When the Octagonal round of Concacaf World Cup qualifying began in September, Walker Zimmerman would not have been projected to emerge as a starting centerback in Gregg Berhalter’s qualifying plans, but the Nashville SC has done just that, playing a key role in the USMNT’s run to first place in qualifying table.

Zimmerman heads into Tuesday’s World Cup qualifier at Jamaica as Berhalter’s most-experienced centerback, with the Americans looking to claim a second straight win in the November window. The Nashville SC defender was not initially called into the October qualifiers, but an injury to John Brooks opened the door for him to return to the fold and he took full advantage. Since then, Zimmerman has started in three of the USMNT’s last four qualifiers, playing key roles in a pair of home shutout victories, including Friday’s 2-0 home win over Mexico.

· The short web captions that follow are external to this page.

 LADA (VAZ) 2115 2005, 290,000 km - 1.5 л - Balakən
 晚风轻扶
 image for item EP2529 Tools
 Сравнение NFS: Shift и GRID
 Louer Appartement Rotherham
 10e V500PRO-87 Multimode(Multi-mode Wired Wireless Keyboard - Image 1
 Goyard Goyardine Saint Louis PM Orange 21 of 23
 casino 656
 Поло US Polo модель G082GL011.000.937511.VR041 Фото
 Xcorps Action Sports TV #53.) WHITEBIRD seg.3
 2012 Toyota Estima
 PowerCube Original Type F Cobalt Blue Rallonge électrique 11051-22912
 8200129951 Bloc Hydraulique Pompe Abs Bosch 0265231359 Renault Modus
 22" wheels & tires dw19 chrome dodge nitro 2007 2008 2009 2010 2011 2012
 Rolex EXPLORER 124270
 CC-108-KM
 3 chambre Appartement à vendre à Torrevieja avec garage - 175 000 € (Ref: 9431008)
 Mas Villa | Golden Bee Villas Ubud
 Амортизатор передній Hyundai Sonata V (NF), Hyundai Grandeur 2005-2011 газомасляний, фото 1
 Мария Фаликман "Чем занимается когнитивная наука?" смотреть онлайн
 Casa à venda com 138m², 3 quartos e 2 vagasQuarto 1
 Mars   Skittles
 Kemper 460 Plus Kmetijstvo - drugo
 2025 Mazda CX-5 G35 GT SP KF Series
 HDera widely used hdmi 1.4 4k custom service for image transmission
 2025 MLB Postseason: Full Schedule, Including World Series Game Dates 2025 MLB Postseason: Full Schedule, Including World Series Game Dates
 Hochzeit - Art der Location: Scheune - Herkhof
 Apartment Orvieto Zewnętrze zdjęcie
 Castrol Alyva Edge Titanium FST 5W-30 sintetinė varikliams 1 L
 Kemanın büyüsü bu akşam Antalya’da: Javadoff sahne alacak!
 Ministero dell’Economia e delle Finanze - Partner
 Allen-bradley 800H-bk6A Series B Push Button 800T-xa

“Walker was one of those guys that got his opportunity and played a great game against Jamaica in that first game and then played a very solid game against Mexico,” Berhalter said about Zimmerman. “Really happy for Walker, he’s a great guy off the field, he’s a good veteran leader in this group and we really need him.

“In terms of his performance, I thought it was strong against Mexico and it was really strong against Jamaica [in October’s home qualifier]. He gives us a good aerial presence, he does well in the build-up play and was able to defend in transition well against both teams.”

Since debuting for FC Dallas back in 2012, Zimmerman has totaled 219 career appearances in MLS, moving on to LAFC from 2018-19 before embarking to Nashville SC ahead of its debut MLS campaign in 2020. Zimmerman has been the rock of Gary Smith’s backline, helping the Eastern Conference club post back-to-back playoff appearances, and rank in the top-five in MLS for the fewest goals conceded over the past two seasons.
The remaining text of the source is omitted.